Evidemment la France ne s’est pas endormie à l’extrême droite le 25 mai. Les Français n’ont pas adhéré ni majoritairement, ni même au sein de son électorat, à l’idéologie lepeniste. Mais ils ont pris le risque de franchir un Rubicon sans trop savoir où cela va les emmener. Il y a bien des motifs à ce geste. Ce qui nous intéresse ici c’est la part de l’Ecole.
Il faut d’abord reconnaitre que l’Ecole n’a jamais réussi à enseigner sans malaise l’idée européenne. C’est ce que relevait N. Allieu Mary, chercheure à l’INRP, dans un article de 2009. « Méfiants vis-à-vis d’une commande jugée par trop politique, les enseignants se montrent parfois réticents à entrer dans des débats précis et argumentés, avec leurs élèves, sur l’élargissement, les questions institutionnelles ou les options (fédéralisme ou Europe des nations ?)… Ils manifestent une certaine gêne face à un objet devenu scolairement sensible ». Le fait que l’Europe soit « un objet en devenir » n’est pas pour rien dans cette position.
Le second lien avec l’Ecole est à chercher dans l’électorat du FN. On sait qu’il est plus populaire , qu’il inclut une part importante des chômeurs.
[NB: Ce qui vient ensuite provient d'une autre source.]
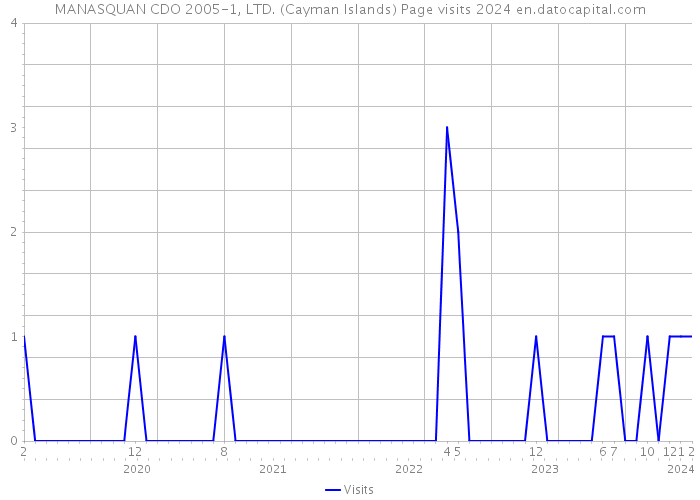 MANASQUAN CDO 2005-1, LTD. (Cayman Islands) Page visits 2024 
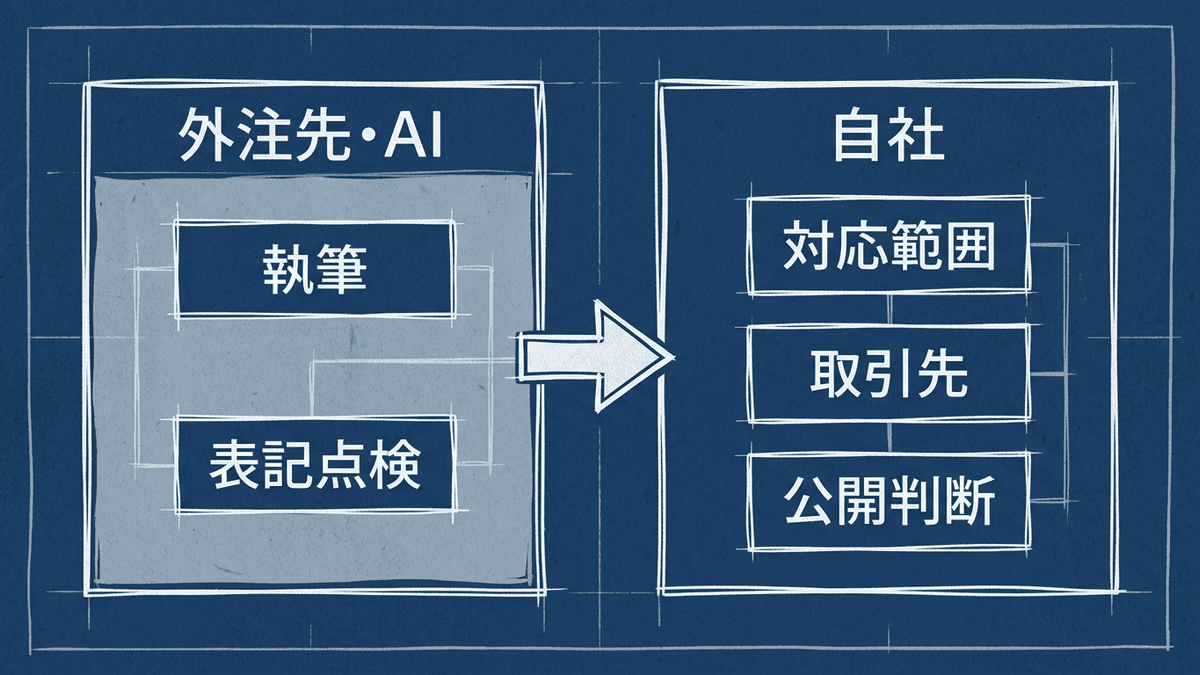 外注先やAIが担う範囲と、自社が確かめる範囲を分けた図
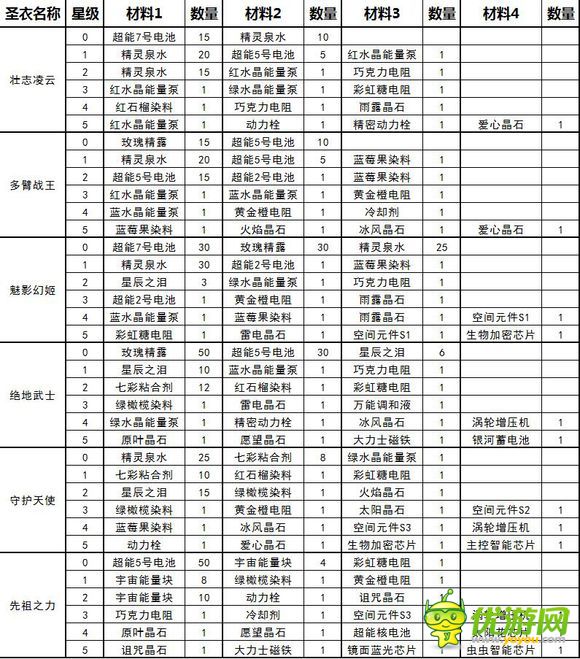 球球大作战圣衣升级全材料攻略大全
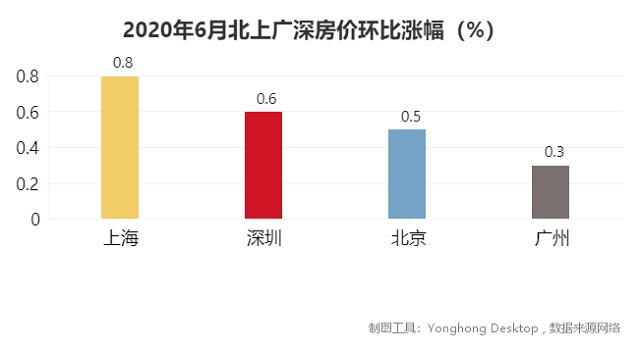 中外有差異,透過房?jī)r(jià)分析發(fā)現(xiàn)影響二手房交易的一個(gè)重要隱性因素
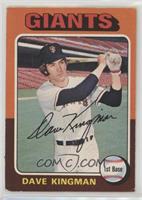 Dave Kingman [Good to VG‑EX]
Il a à voir avec le sentiment de déclin économique. Il a aussi à voir avec les sorties sans qualification du système éducatif. On retrouve là deux traits caractéristiques de notre système éducatif. D’une part son profond pessimisme lié à des évaluations souvent négatives. Au lieu de soutenir l’individu, l’Ecole apprend très tôt à ne regarder que ses faiblesses. Et cela se voit dans le résultats final , c’est à dire la sortie chaque année de 150 000 jeunes sans diplôme reconnu sur le marché de l’emploi. Dans la situation économique actuelle, des chômeurs en devenir.
Evidemment l’Ecole ne suffit ni pour construire ce tsunami électoral, ni pour l’éviter. Mais elle a sa part de travail à faire si on veut que la carte politique de la France ne soit plus en deuil.